With respect to your understanding of our practice relating to the measurement of tongues, your attention is invited to T.D. 84-59 which reads in pertinent part as follows:

In support of their position, the commenters cited T.D. 54659 which contains legislative history pertaining to paragraph 1530(e), Tariff Act of 1930. Under this paragraph, rubber-soled footwear with uppers of fabric and certain other materials was originally dutiable at the rate of 35 percent ad valorem.
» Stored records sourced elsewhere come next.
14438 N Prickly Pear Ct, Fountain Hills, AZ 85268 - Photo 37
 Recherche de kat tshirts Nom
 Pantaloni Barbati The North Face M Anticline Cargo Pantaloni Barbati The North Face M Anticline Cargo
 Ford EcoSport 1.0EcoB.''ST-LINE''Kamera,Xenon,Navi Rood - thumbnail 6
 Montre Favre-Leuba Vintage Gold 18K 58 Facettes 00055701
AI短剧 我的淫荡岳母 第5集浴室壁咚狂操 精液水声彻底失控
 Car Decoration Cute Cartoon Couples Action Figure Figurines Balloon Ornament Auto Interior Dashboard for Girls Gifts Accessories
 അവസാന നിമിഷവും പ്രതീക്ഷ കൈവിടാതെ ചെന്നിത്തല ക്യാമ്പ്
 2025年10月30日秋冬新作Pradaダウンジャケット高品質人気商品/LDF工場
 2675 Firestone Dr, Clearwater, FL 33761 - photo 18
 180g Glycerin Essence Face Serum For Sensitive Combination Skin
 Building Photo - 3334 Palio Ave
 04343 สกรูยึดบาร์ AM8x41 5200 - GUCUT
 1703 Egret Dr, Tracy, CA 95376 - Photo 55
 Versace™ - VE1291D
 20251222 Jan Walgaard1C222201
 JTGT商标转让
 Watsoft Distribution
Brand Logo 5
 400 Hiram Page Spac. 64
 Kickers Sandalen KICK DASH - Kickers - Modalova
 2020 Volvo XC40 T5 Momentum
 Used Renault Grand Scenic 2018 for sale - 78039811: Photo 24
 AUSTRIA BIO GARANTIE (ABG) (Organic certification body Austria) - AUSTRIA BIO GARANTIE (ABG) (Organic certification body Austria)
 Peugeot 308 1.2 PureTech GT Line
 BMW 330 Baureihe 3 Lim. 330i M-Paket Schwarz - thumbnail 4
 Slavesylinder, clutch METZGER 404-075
The legislative history referred to states that conventional tongues of this type of footwear are not included in the "greater area of the outer surface." It is also asserted that there is nothing in this legislative history which indicates any intention to exclude only certain types of tongues, such as those on the plane lower than a portion of the upper, from the computation of exterior surface area.

It is Customs position that the above-cited legislative history is applicable only to paragraph 1530(e), Tariff Act of 1930. Since the language of the Tariff Act of 1930 was not carried forward to the Tariff Schedules of the United States, Customs does not believe that this legislative history is applicable.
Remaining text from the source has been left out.